Seán Catherine Derek (born October 16, 1953) is an American writer, story editor and television producer. She is the daughter of John Derek and Pati Behrs.

==Early life==
Sean Catherine Derek is the daughter of John Derek and Pati Behrs. In 1982, Derek wrote an autobiography titled Cast of Characters about her stepmothers (John Derek's wife Bo Derek and his ex-wives Ursula Andress and Linda Evans) and John Derek, with whom she had an unhappy relationship. She also helped Evans write her memoirs in 2011.

Derek is the great-grandniece of Leo Tolstoy.

==Career==
Derek's screenwriting debut, Foodfight!, was released in 2012. She wrote the script for the fourth Bionicle film, The Legend Reborn. Derek also wrote the ZhuZhu Pets direct-to-video film Quest for Zhu.
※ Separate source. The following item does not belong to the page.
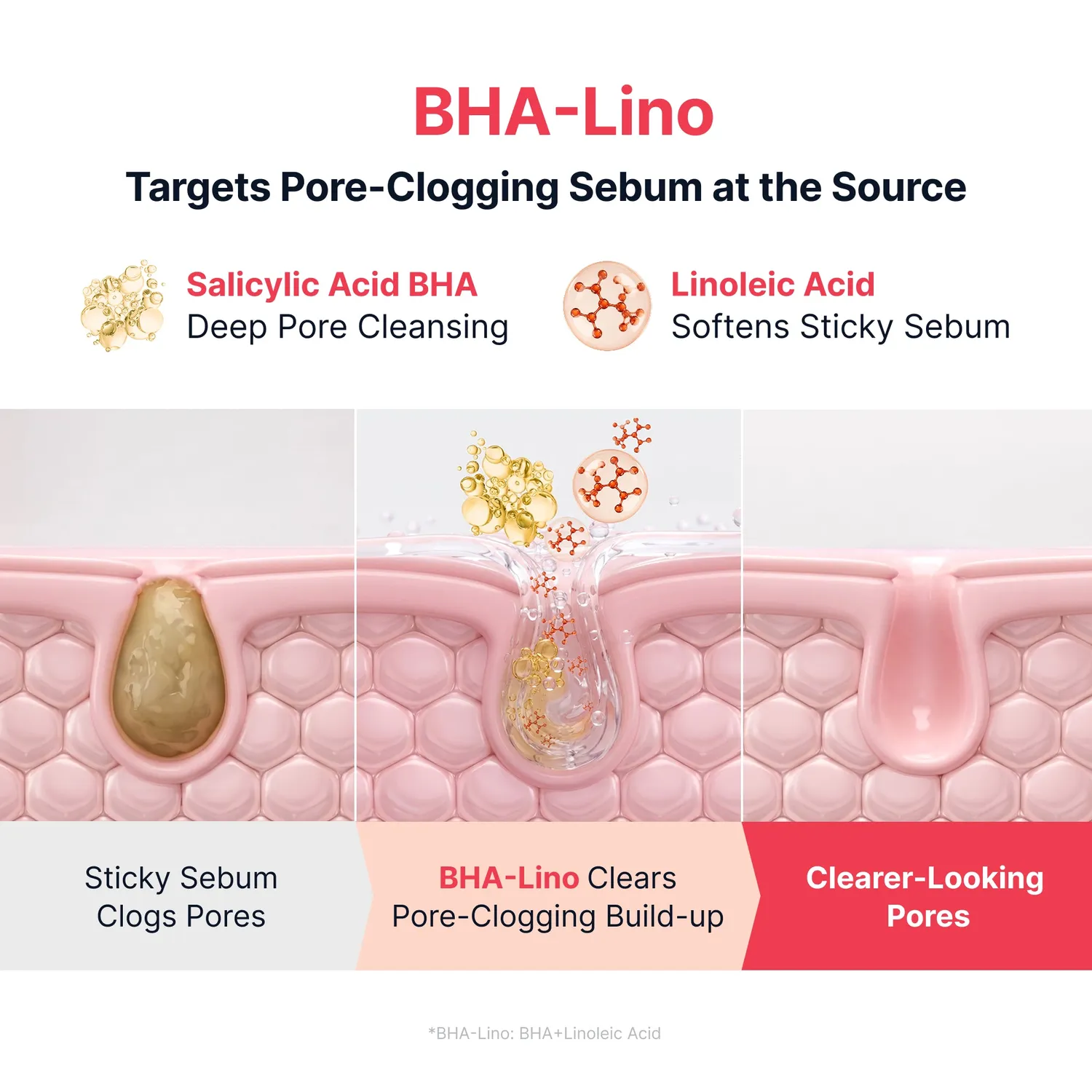 Sungboon Editor Red Heartleaf BHA-Lino Relief Ampoule viso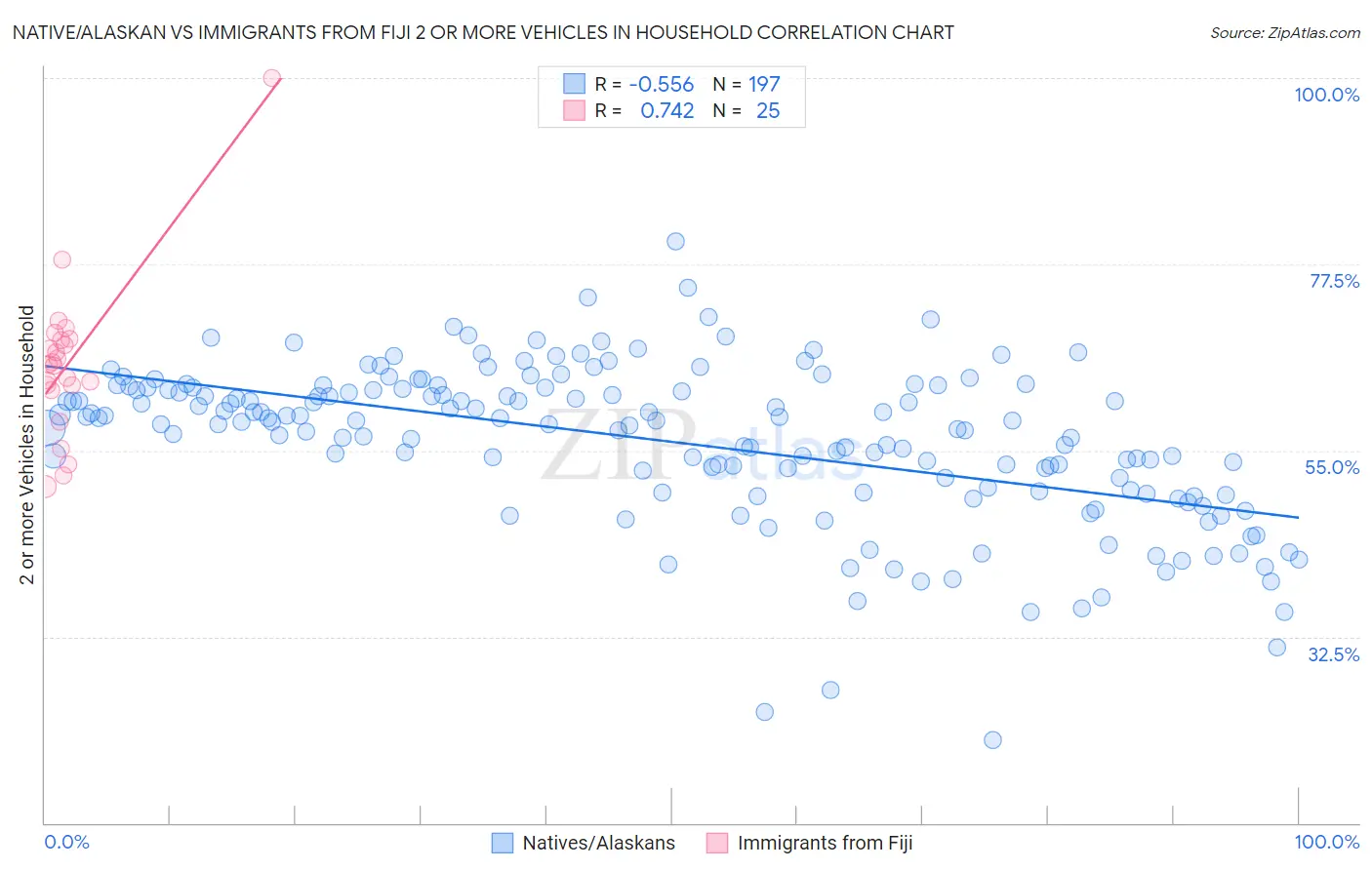 Native/Alaskan vs Immigrants from Fiji 2 or more Vehicles in Household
Derek worked at Hanna-Barbera Productions as a story editor for series such as The Smurfs and Captain Planet. Derek was also a story editor/writer of Batman: The Animated Series during its first season. She won an Emmy Award for Outstanding Writing in an Animated Program in her work on Batman: The Animated Series.

Derek's other works include Mortal Kombat: Conquest, Mortal Kombat: The Animated Series, Spider-Man: The Animated Series, and Pac-Man and the Ghostly Adventures.